If you put four sales people in a room, or four accountants, and ask them to come up with new, fresh ideas for their business, you could probably predict the results. You’ll get a handful of ideas, and they will agree on most of them. People who engage in the same work and deal with the same types of problems everyday, will tend to have the similar perspectives on their work. When looking for new ideas, they will tend to agree on which ideas are best. Now, if you put the accountants and the sales reps into the same room, you will have a much, much different kind of meeting.

As a writer, I find words themselves sometimes become problematic. Reading words, writing words, thinking in words, even when writing creatively, can become a mental rut. Every six months or so, I become overwhelmed with the need to immerse myself in something new. I will paint for a week straight, or draw, or fix a car, build or refinish a piece of furniture, pick up a guitar, speak French, take flying lessons.

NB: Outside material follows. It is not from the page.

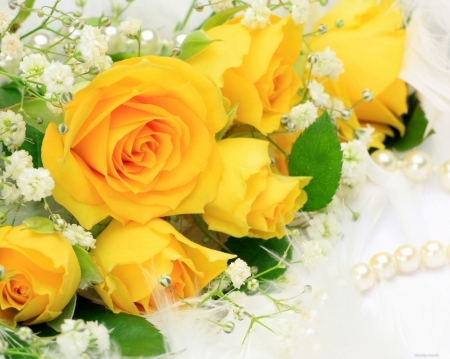 Yellow Roses - flowers, roses, nature, yellow, bouquet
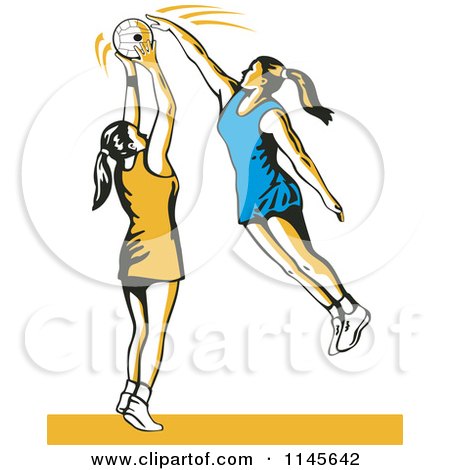 Clipart of a Retro Female Netball Player Blocking - Royalty Free Vector Illustration by patrimonio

This summer I’m learning wood carving. I’m really awful at it, but I seem to improve with each hour. Its a very tactile, non-verbal experience. While it takes a great deal of thought and planning, the thought process is different than writing a paragraph, and the planning is much different than plotting a novel. When I return to the keyboard, it is with a slightly different mind than if I had just gone for a walk, or watched a movie, or any of those hundreds of other things we use to distract ourselves.

Learning to play music does make you more aware of sounds, but it changes the way you think about words as well. Learning to paint doesn’t just make you more sensitive to colors, it alters your approach to everything else you do. Wood carving, I’m beginning to find, does not just change how I look at a piece of wood, or how I look at the trees. It has slightly altered my perception of the words I’m typing now. It has slightly influenced the way I think.

I don’t believe it matters what you do, as long as it is new, and different from your normal routines. Because, for myself, what I have learned, the act of beginning something new, whatever it might be, also helps me reacquaint myself with a beginner’s perspective. I’ve stepped out of my own head for a while, stepped out of my usual neural pathways, and when I return, it is from a completely different perspective.

In my own head, you could say, it is Frost’s path less traveled. You zen folks out there would call it the beginner’s mind.

So I would urge you this week to get out of your head and try something you have never tried before. Engage with it, immerse yourself in it, experience it. When you return, you’ll be returning to your self from a slightly different angle, a slightly different perspective, than the perspective you have on your life today.